Work instructions: Return the lines beginning at the one that contains "iPhone X БУ" and continuing to the end of the entries, including both ends, exactly as written and nothing else.

━━━━━━━━

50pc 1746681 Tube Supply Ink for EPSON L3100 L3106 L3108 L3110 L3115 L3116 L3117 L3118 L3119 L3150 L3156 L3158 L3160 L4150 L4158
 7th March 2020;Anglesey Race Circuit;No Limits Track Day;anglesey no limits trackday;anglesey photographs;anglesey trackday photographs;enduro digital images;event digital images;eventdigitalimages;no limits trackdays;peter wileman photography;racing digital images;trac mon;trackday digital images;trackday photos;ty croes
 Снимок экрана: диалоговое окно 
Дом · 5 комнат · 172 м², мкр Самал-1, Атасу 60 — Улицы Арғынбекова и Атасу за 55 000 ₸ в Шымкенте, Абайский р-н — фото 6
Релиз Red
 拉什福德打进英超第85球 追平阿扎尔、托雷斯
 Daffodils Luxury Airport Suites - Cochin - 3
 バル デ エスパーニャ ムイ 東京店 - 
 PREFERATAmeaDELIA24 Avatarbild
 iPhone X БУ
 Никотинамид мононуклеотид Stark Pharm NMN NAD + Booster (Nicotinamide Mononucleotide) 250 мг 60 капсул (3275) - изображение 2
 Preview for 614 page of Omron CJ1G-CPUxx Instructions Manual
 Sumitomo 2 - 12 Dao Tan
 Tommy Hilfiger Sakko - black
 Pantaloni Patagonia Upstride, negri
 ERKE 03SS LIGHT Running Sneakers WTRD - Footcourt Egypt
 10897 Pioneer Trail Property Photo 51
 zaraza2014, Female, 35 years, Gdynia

━━━━━━━━

Finished exercise:
 iPhone X БУ
 Никотинамид мононуклеотид Stark Pharm NMN NAD + Booster (Nicotinamide Mononucleotide) 250 мг 60 капсул (3275) - изображение 2
 Preview for 614 page of Omron CJ1G-CPUxx Instructions Manual
 Sumitomo 2 - 12 Dao Tan
 Tommy Hilfiger Sakko - black
 Pantaloni Patagonia Upstride, negri
 ERKE 03SS LIGHT Running Sneakers WTRD - Footcourt Egypt
 10897 Pioneer Trail Property Photo 51
 zaraza2014, Female, 35 years, Gdynia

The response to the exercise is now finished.